++++ DATA
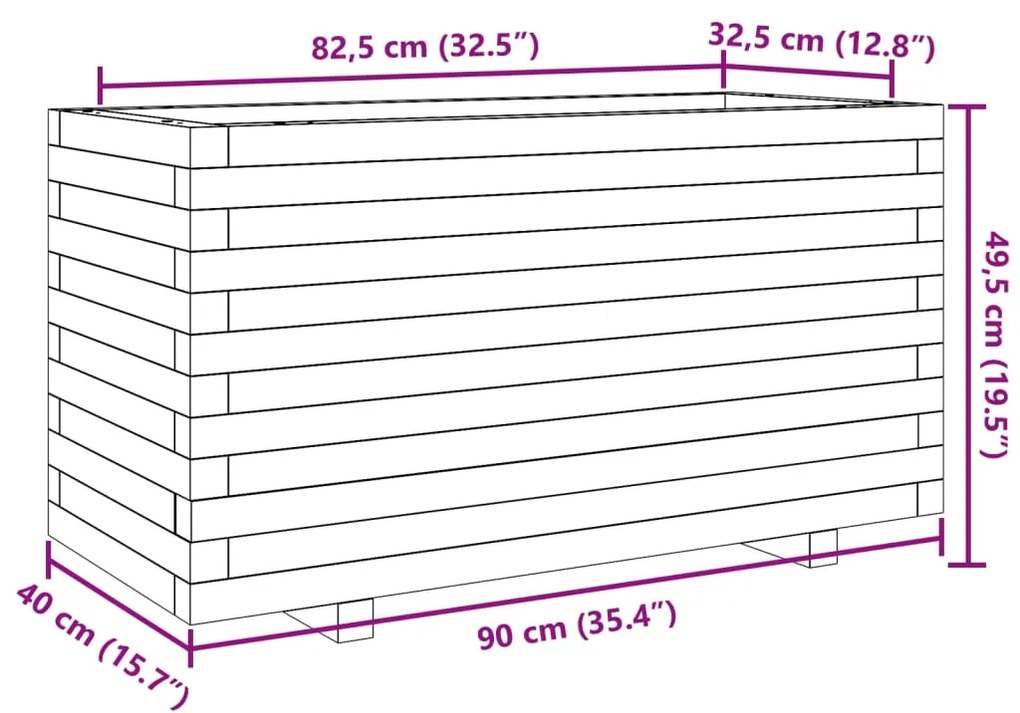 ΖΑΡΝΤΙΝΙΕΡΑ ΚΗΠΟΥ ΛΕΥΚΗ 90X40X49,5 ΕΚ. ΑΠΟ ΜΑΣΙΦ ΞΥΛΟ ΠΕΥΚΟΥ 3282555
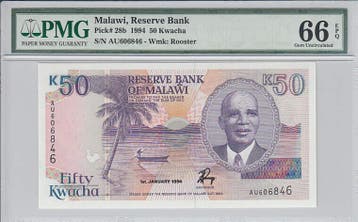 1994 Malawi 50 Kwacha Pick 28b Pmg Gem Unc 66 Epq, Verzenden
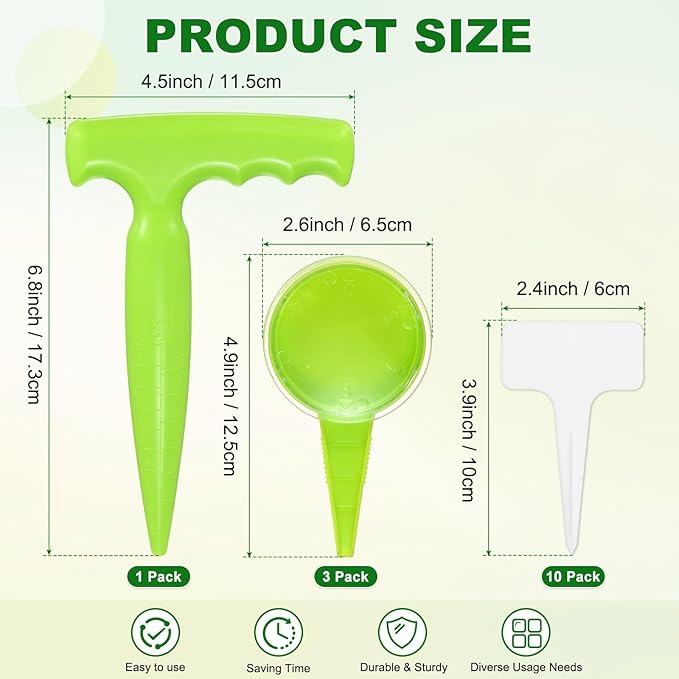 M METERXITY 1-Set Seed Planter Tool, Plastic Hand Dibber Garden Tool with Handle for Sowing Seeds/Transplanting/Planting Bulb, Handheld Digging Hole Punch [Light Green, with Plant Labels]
++++++++
**TASK GOAL:**
Repeat the listing in full and exactly. Do not include any images.

**SOLUTION TO THE EXERCISE:**
 ΖΑΡΝΤΙΝΙΕΡΑ ΚΗΠΟΥ ΛΕΥΚΗ 90X40X49,5 ΕΚ. ΑΠΟ ΜΑΣΙΦ ΞΥΛΟ ΠΕΥΚΟΥ 3282555
 1994 Malawi 50 Kwacha Pick 28b Pmg Gem Unc 66 Epq, Verzenden
 M METERXITY 1-Set Seed Planter Tool, Plastic Hand Dibber Garden Tool with Handle for Sowing Seeds/Transplanting/Planting Bulb, Handheld Digging Hole Punch [Light Green, with Plant Labels]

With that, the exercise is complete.